**Material provided:**
........

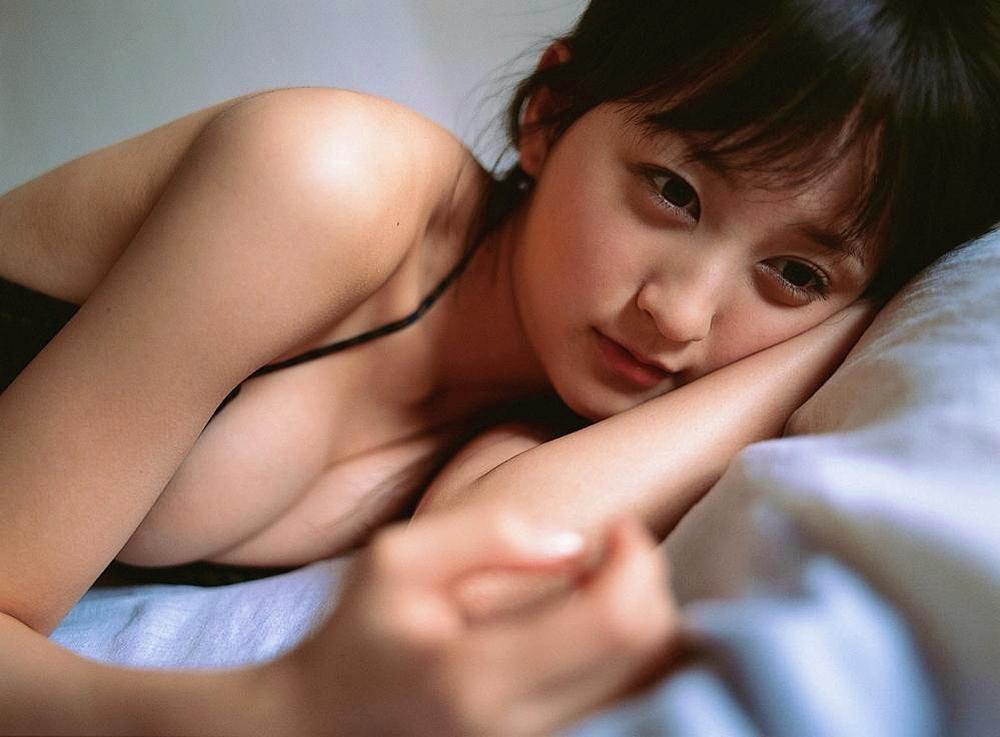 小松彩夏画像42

........

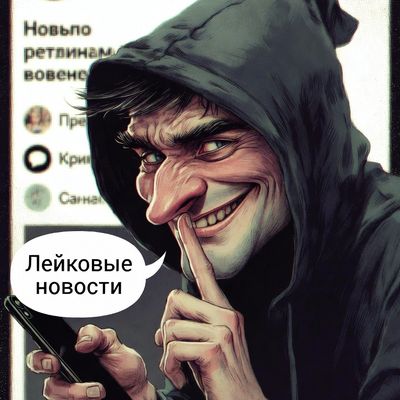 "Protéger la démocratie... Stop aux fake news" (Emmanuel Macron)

........

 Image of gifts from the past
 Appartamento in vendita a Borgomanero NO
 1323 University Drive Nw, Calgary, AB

........

**Problem:** Print exactly the lines of the listing above starting at the line containing "Appartamento in vendita a Borgomanero NO" and ending at the line containing "1323 University Drive Nw, Calgary, AB", both included.

**Response area:**
 Appartamento in vendita a Borgomanero NO
 1323 University Drive Nw, Calgary, AB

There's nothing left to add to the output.